Thursday, June 04, 2015
I (Donis) would like to talk about dreams today, Dear Reader. Have you ever had The Dream? You know the one. You wake up in the morning and realize that something extraordinary has happened.
A couple of days ago I conducted a journaling and memoir workshop. I pulled out some of my own old journals beforehand and went through them in hopes of finding a couple of creative examples of entries I could share with the class. Here is what I discovered: It’s horrifying to go back in time and see what was on my mind twenty or thirty years ago. Mainly because I really haven’t changed much. I was hoping I’d have learned a thing or two.
The journal that interested me most was one that I kept about a dozen years ago. At the time I was going through a period of recording my dreams.

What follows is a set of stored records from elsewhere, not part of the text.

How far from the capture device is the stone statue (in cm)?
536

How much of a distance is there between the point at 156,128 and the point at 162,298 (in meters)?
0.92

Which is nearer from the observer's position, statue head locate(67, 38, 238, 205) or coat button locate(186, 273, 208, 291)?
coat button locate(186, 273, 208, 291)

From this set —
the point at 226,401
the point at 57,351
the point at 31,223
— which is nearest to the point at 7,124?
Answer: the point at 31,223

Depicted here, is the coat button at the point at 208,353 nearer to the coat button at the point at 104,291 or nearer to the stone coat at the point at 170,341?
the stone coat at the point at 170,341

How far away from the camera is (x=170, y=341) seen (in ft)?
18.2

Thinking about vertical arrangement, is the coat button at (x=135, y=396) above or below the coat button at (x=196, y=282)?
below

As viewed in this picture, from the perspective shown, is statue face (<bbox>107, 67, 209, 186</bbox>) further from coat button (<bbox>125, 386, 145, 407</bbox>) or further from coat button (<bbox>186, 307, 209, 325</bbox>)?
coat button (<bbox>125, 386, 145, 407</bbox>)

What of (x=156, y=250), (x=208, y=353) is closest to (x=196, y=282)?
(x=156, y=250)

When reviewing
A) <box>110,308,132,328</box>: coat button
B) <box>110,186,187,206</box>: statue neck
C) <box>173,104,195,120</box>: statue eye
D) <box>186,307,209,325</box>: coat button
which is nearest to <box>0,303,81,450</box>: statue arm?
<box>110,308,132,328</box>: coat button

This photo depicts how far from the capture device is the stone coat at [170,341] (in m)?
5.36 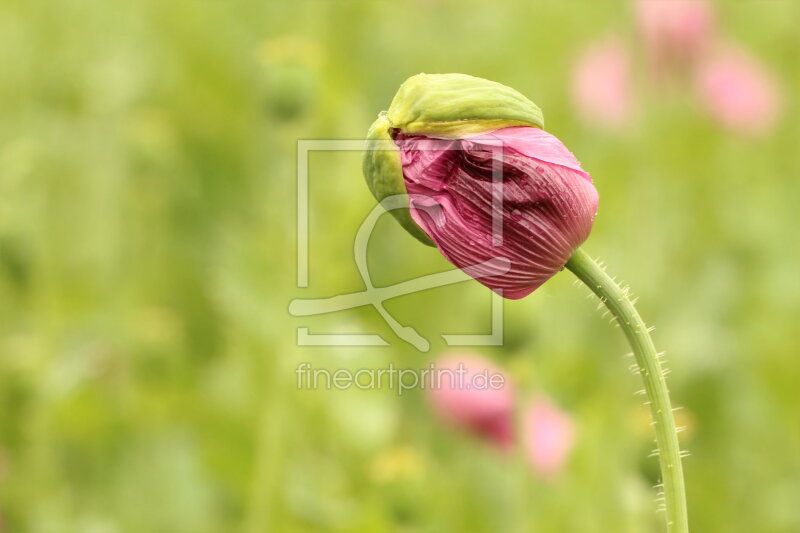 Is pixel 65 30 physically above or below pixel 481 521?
above

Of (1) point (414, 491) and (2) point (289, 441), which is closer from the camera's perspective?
(1) point (414, 491)

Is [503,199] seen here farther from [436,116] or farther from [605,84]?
[605,84]

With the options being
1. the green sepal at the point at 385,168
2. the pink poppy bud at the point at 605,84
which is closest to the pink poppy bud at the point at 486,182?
the green sepal at the point at 385,168

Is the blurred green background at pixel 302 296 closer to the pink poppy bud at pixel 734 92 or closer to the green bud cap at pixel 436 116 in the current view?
the pink poppy bud at pixel 734 92

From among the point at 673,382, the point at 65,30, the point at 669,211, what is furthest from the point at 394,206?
the point at 65,30

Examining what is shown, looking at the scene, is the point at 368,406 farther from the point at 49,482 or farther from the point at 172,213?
the point at 172,213

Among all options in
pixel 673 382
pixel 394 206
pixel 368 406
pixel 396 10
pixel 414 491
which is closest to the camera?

Mar. 5, 2004 — I dreamed that Lois and Beckie and I were sitting around smoking weed…
I have always been a big dreamer. When I was very young, up through my twenties, my dreams were incredibly vivid and sometimes prescient. As the years passed, my dreams became more mundane. Now that I am no longer young, I mostly dream about something I read or ate or just saw on television.
October 12, 2004 - last night I dreamed I was driving John Kerry to a political rally but I got hopelessly lost. He was very patient. I kept acting like I knew what I was doing.
Like everyone else, I have the occasional weird, archetypal dream of the sort that you can find in any dream interpretation book.
June 11, 2004 - I dreamed I went to a deli for a sandwich. I realize I’m naked, so I wrap myself in my newspaper, which turns into a gauzy blue scarf and looks very pretty. Finally I order a roast beef sandwich but realize that I can’t sit and read my paper without getting naked again…
I actually believe that many of the dreams of my youth were out-of-body experiences—floating around the house, or over the house, or visiting people in my sleep. Oh, yes, I do believe that dreams can be a portal to something. The other side, the past, the future, the answer to the question that had no answer. Early on in our relationship, my husband and I had a long discussion about The Dream that sometimes happens when someone you love dies. This is a dream that is different from all others, and I don’t care how many logical people try to explain it away for you, you know you’ve been a party to something extraordinary.
Don said three of his five siblings reported that before they knew their mother had passed, she had come to them in a dream so real that they all swore they were awake. In fact, she woke his brother by squeezing his toe. Maybe they were awake. Who am I do say otherwise?
My own mother told me that a few months after my father's unexpected death, he visited her in a vivid dream and assured her that he was all right.
Many, many years later, the January that my mother died, I told Don that I had never had The Dream, even though for decades I had really wanted some contact with my father, and now I longed to know that my mother was okay. Wanting does not make it so. But that didn’t keep me from wishing.
Sept. 20, 2005 - I dreamed that my father was leading me through a forest. We found the nest of a tiny hummingbird, with a tiny blue egg in it. I said I wished I had a little egg like that, and my father produced one and told me to hold it in my mouth. I put it between my lips and a little bird flew up and took from my lips with its bill, and I realized the egg would eventually hatch into a blue butterfly. I knew I was being given a gift of magic words.